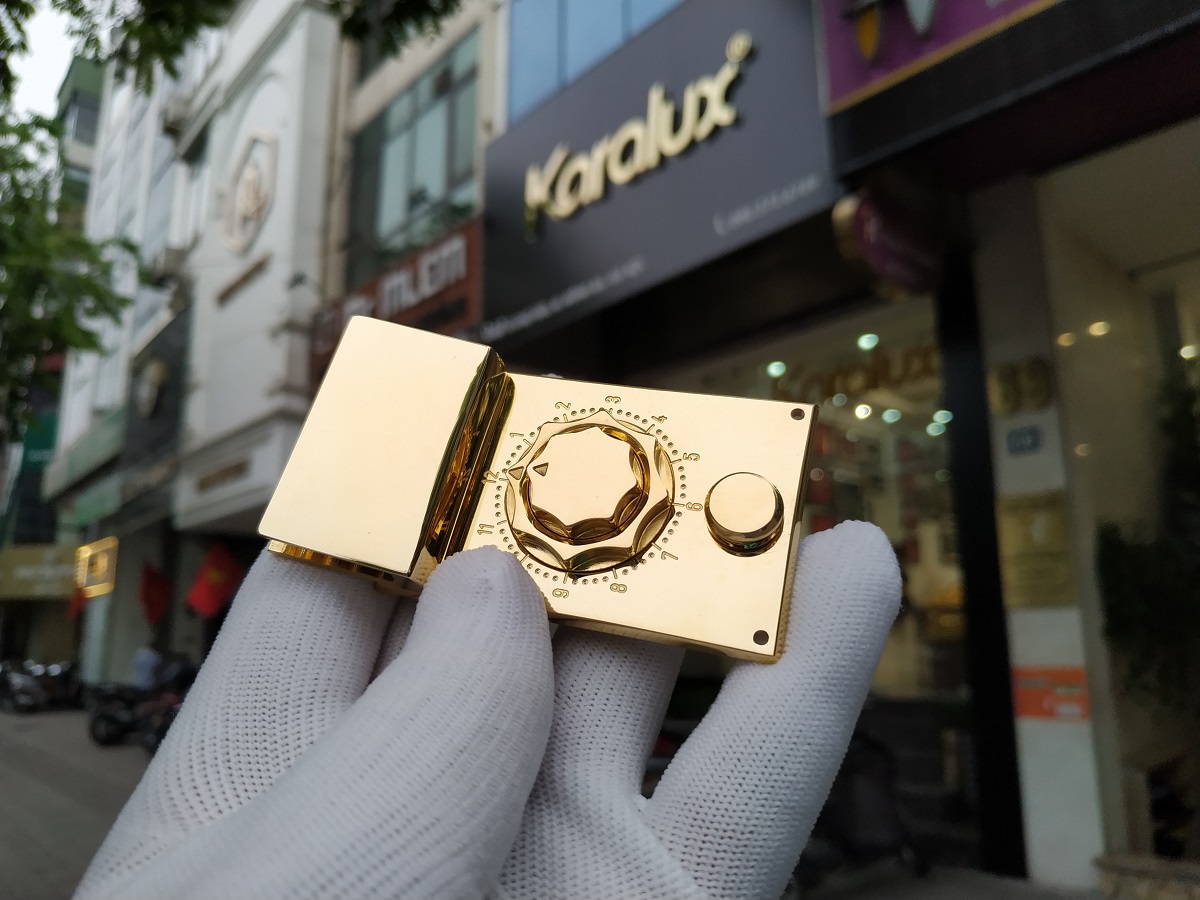 Khóa túi xách sau khi được mạ vàng cứng Pre Gold 18K bởi Karalux. Khóa túi xách sau khi được mạ vàng cứng Pre Gold 18K bởi Karalux.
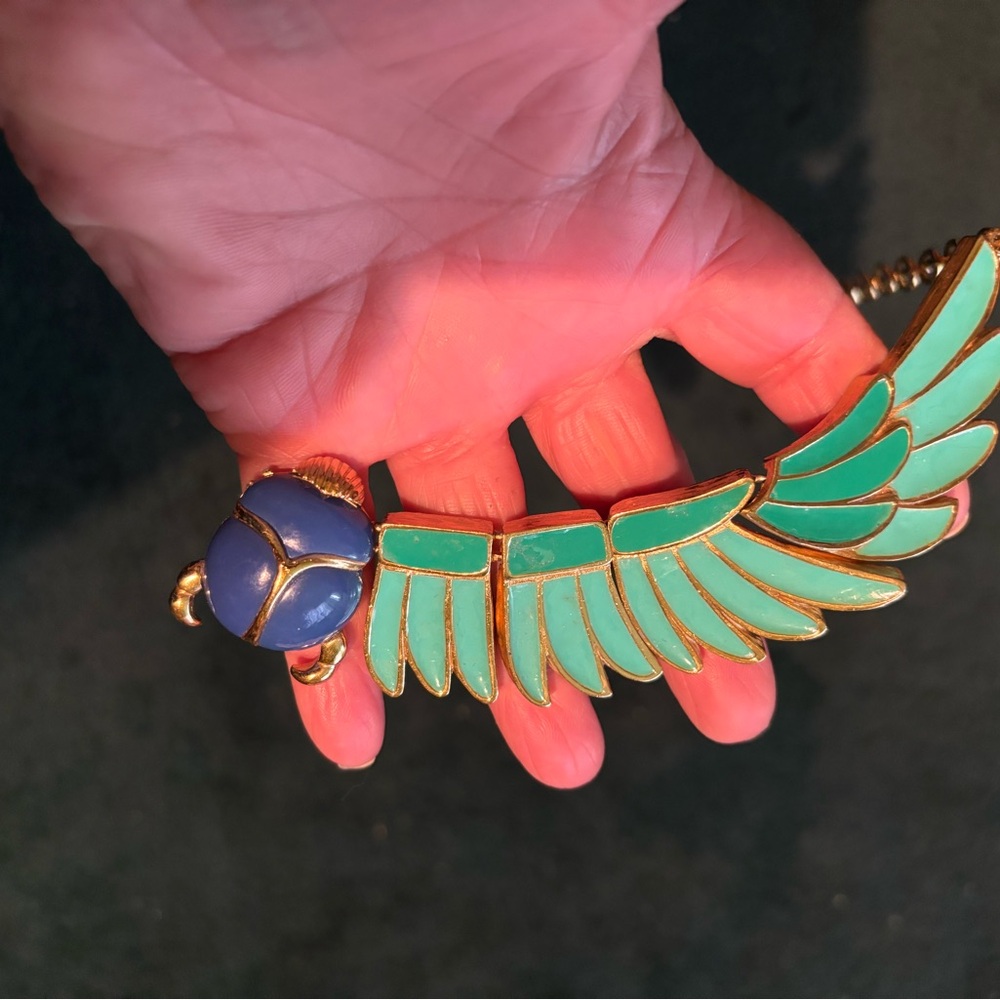 Hattie Carnegie. Vintage necklace  Piece DIY Project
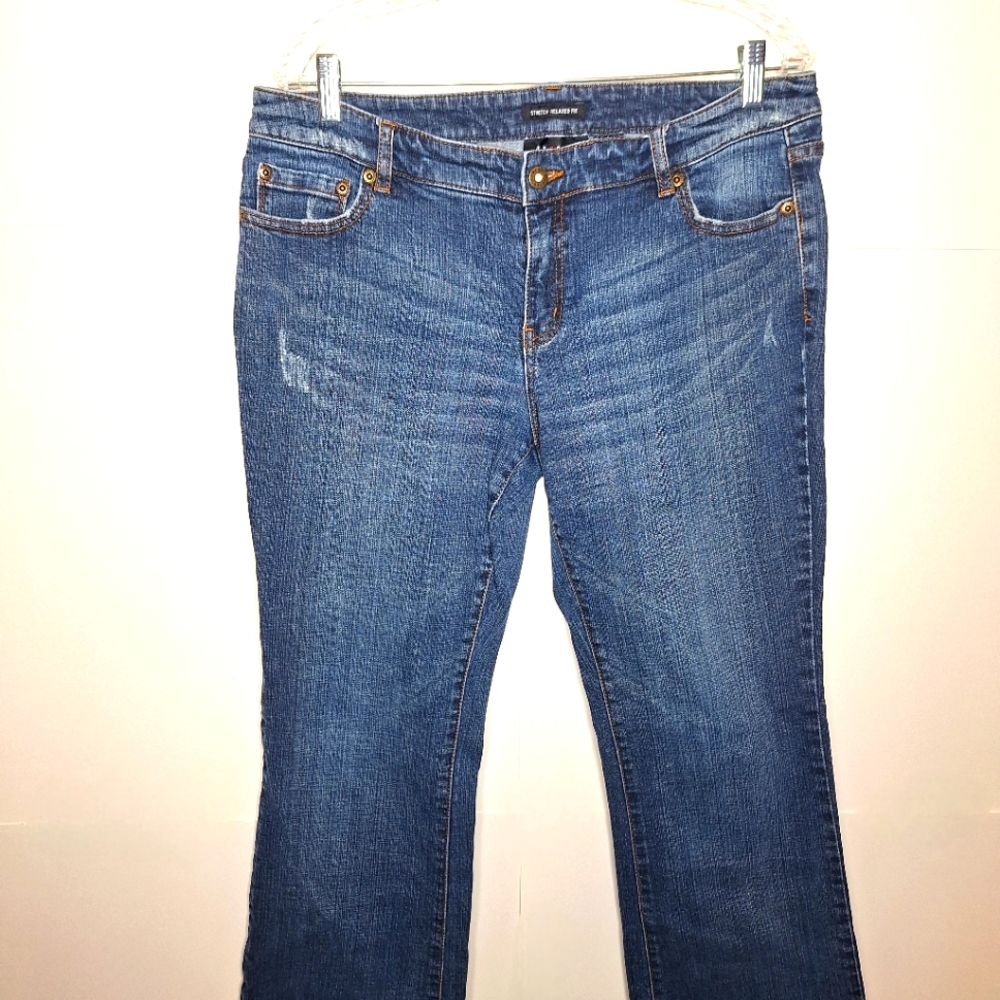 Axcess Jeans medium wash stretch relaxed fit boot cut jeans size 14.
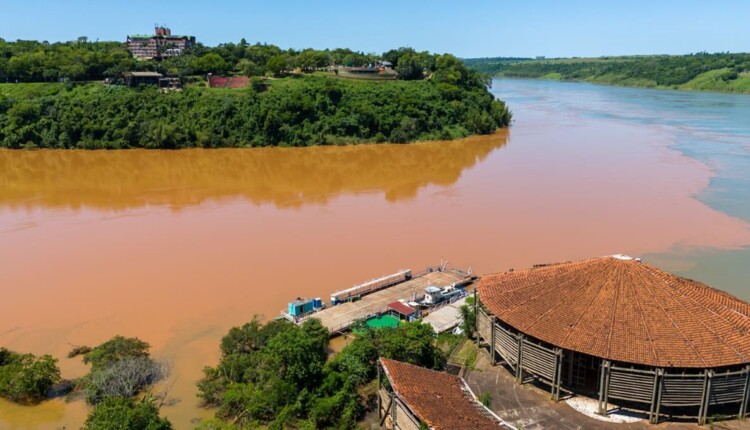 Uso da hidrovia do Rio Paraná é entendido como fundamental para impulsionar a economia local.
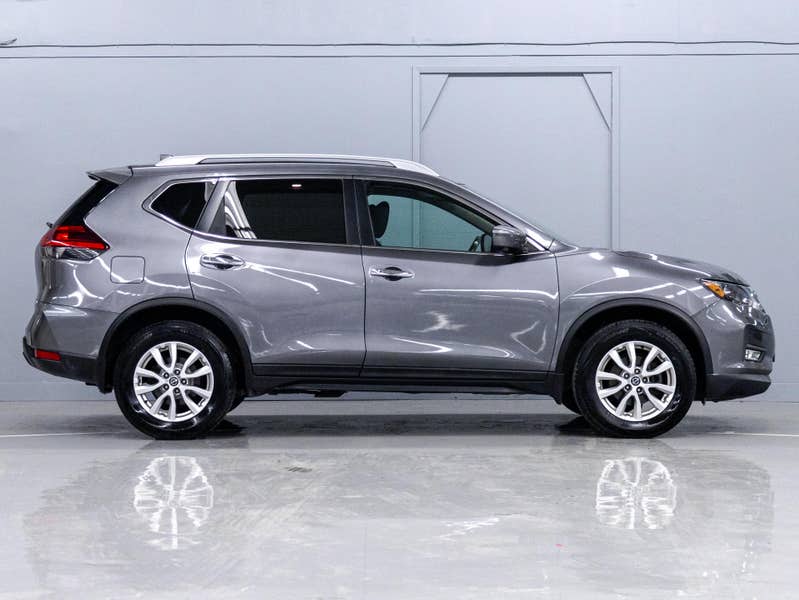 Vehicle photo 3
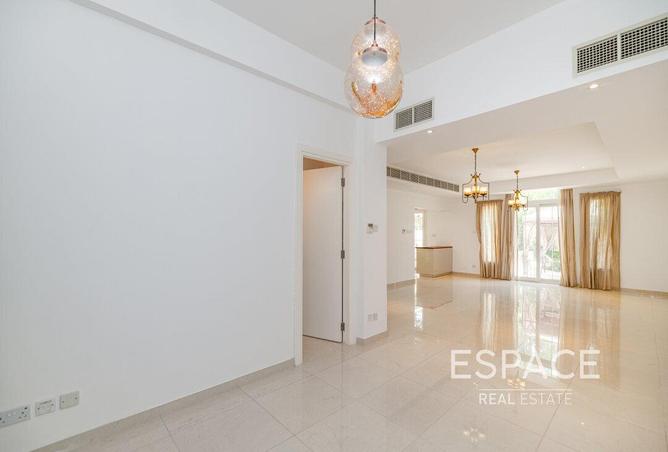 81933869 - Property Image 2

● ● ● ●

REQUIREMENT ->
Treating the line with "Axcess Jeans medium" as the last line to include, retype the records exactly from their first line, excluding pictures.

ANSWER TO THE PROBLEM ->
 Khóa túi xách sau khi được mạ vàng cứng Pre Gold 18K bởi Karalux. Khóa túi xách sau khi được mạ vàng cứng Pre Gold 18K bởi Karalux.
 Hattie Carnegie. Vintage necklace  Piece DIY Project
 Axcess Jeans medium wash stretch relaxed fit boot cut jeans size 14.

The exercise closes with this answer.